In [57]:
import numpy as np
import os
import nltk
from nltk.tokenize import word_tokenize
os.chdir('C:/Users/DHRUVIL/OneDrive/Stratsntools/Python Directory')

In [58]:
data=open('kafka.txt','r').read()
data=word_tokenize(data)

## We prepare an exhaustive list of the words in our data
### data_size = total number of words in the data
### vocab_size=number of unique words in the data

In [59]:
word=list(set(data))

In [60]:
data_size,vocab_size=len(data),len(word)
print("data has %d, %d unique"%(data_size,vocab_size))

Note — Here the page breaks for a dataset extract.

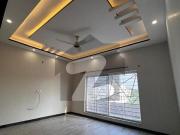 1 Kanal Brand New Mazhar Munir House In Dha Phase 7...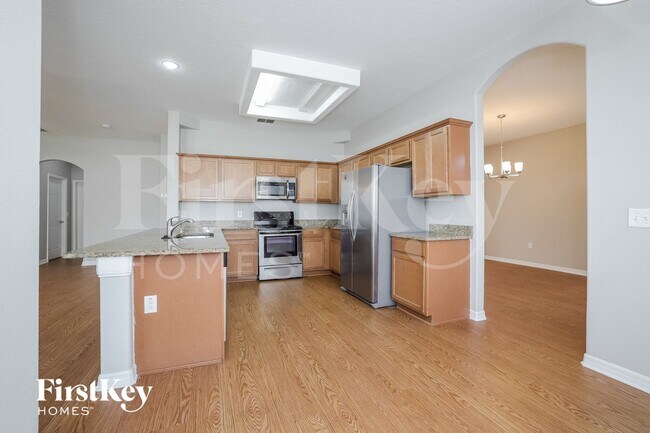 Photo - 1660 The Oaks Blvd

data has 28311, 3293 unique


## Computing Vocab_Size (Indexing)
### word_to_ix is a dictionary having unique labels for each unique wordacter. It will later help us create one-hot encoded vectors for training.
### ix_to_word is a dictionary having unique wordacter for each label. Just the opposite of word_to_ix. This will help us predict wordacters from RNN output

In [61]:
word_to_ix = {ch:i for i,ch in enumerate(word)}
ix_to_word = {i:ch for i,ch in enumerate(word)}

## Hyperparameter setting
### hidden_size = number of units in the hidden layer of the RNN; seq_length = number of wordacters we wish to predict; learning_rate = measure of how fast or slow we want the model to train (very high learning rate can lead gradient descent to deviate from the optimum solution)

In [62]:
#hyperparameters
hidden_size=100
seq_length=10
learning_rate=1e-1

# Initializng the parameters
## Wxh = weights (input layer x to the current hidden layer h)
## Whh = weights (hidden layer from previous state (time step) to the current state of the hidden layer)
## Why = weights (current state of the hidden layer to the output layer) 
## bh, by = biases 

In [63]:
#model_parameters
#Wxh from input(vocab_size sized vector -> hidden_size number of neurons)
Wxh=np.random.randn(hidden_size,vocab_size)
Whh=np.random.randn(hidden_size,hidden_size)
Why=np.random.randn(vocab_size,hidden_size)
#Initializing bias for hidden and the output states
bh=np.zeros ((hidden_size,1))
by=np.zeros ((vocab_size,1))

### Forward pass
The forward pass use the parameters of the model (Wxh, Whh, Why, bh, by) to calculate the next word given a word from the trainning set.

xs[t] is the vector that encode the word at position t
ps[t] is the probabilities for next word

![alt text](https://deeplearning4j.org/img/recurrent_equation.png "Logo Title Text 1")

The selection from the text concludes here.